Après le licenciement express des salariés de la radiotélévision publique grecque, des centaines d'enseignants de lycées professionnels ont appris la semaine dernière leur «mise en disponibilité» immédiate et, choqués, s'interrogent sur leur avenir.

Anna Stavrakaki, directrice adjointe du lycée professionnel (EPAL) de Nea Philadelphia, dans le nord d'Athènes, n'a pas de mots assez forts pour dire «l'absurde et l'inacceptable». Cette croisée de l'enseignement professionnel, comme elle se définit, pensait faire une rentrée normale en septembre dans l'établissement où elle est en poste depuis 25 ans.

C'était avant l'annonce sans préavis par le gouvernement, en début de semaine dernière, de la suppression d'une cinquantaine de spécialités des lycées professionnels publics, aboutissant à la mise en disponibilité forcée de quelque 2500 enseignants. Principale discipline démantelée: la branche «santé et soins» (aide-soignant, sage-femme, technicien dentaire...).

Pas de chance, c'est celle d'Anna Stavrakaki, mais aussi une de celle «les plus fréquentées par les élèves», s'émeut cette quinquagénaire. Électroniciens, graphistes, laborantins, coiffeurs, menuisiers sont également rayés de la carte de formation.

Entre autres mesures, le gouvernement grec s'est engagé auprès de ses bailleurs de fonds, en échange du déblocage d'une nouvelle tranche d'aide, à mettre en disponibilité 12 500 fonctionnaires dont 4000 d'ici fin juillet: durant huit mois les agents concernés devraient toucher 75% de leur salaire avant d'accepter une mutation ou d'être licenciés. Anna Stavrakaki sait que sa disponibilité prend effet lundi et qu'elle touchera désormais 350 euros par mois. Mais elle n'est sûre de rien: «nous n'avons reçu personnellement aucun document officiel, aucune information, rien ! Juste une liste avec nos noms sur internet, du jour au lendemain».

Vendredi, le ministère de l'Éducation a mis en ligne un appel à tous les enseignants susceptibles d'échapper au couperet -selon des critères de diplôme, santé ou situation familiale- à se signaler dans les ... trois jours. «C'est inadmissible, on vit dans le doute et dans l'angoisse, on ne sait rien», fulmine Vicky Samaras, enseignante sage-femme de 48 ans, qui a juste la certitude de quitter bientôt l'équipe pédagogique de l'EPAL de Mytilène, une île du nord-est de la mer Égée.
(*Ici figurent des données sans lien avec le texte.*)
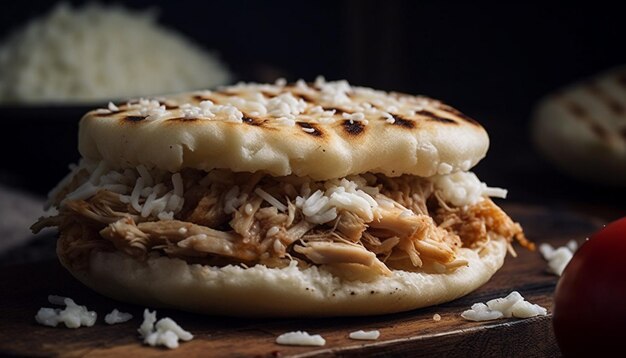 Repas grillé avec pain maison et légumes générés par IA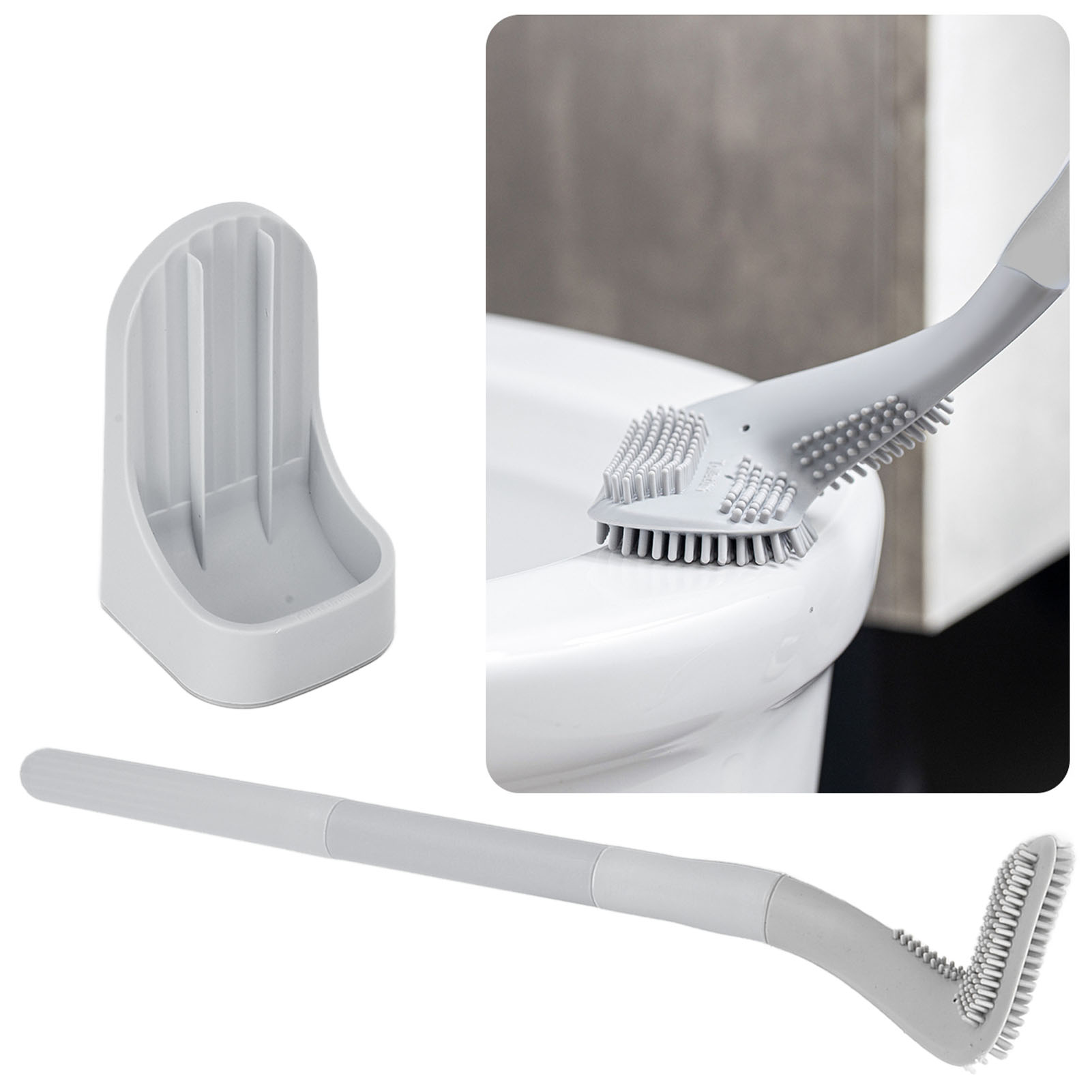 Golf-toilettenbürste, Bürste Mit Langem, Abnehmbarem Griff Und Wasserdichter Basis, Toilettenreinigungsbürste, Indigograu.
Elle s'indigne, à l'instar de nombreux commentateurs, que la procédure de disponibilité ait été engagée par le gouvernement, alors même que le projet de loi l'autorisant ne sera soumis au vote du parlement que mercredi. «Si le ministère me propose demain d'aller travailler dans un hôpital, pourquoi pas, mais où y-aura-t-il un poste ? Pour l'instant, je n'ai reçu aucune proposition», déplore Vicky.

Anna Stavrakaki ne se fait aucune illusion: «à 55 ans, on me dira qu'il n'y a aucun poste pour moi et merci, au revoir, licenciée». Le ministre de l'Éducation nationale, Constantinos Arvanitopoulos, a tenté de rassurer les élèves en cours de formation dans les sections supprimées, leur affirmant que des enseignants mis en réserve, «payés à l'heure», dispenseraient des cours l'an prochain. Il a également justifié la restructuration des lycées professionnels en expliquant que les spécialités supprimées étaient redondantes avec celles offertes par une autre catégorie d'établissements du second degré, les IEK.

«Mais les IEK sont moins nombreux et, pour certains, privés et payants», fait valoir Damianos Rorris, enseignant en ingenierie automobile. Il craint aussi que de nombreux EPAL, une fois saignés d'une part importante de leurs élèves, soient contraints de fermer. «Ces établissements accueillent des élèves d'origine modeste. On leur enfonce un peu plus la tête» dans un pays où le chômage des jeunes atteint plus de 60%, constate-t-il.

Lundi, Anna Stavrakaki a accueilli dans son futur ex-lycée une enseignante qui venait d'apprendre sa titularisation après des années de vacation. Elle a appris par la même occasion sa mise en disponibilité.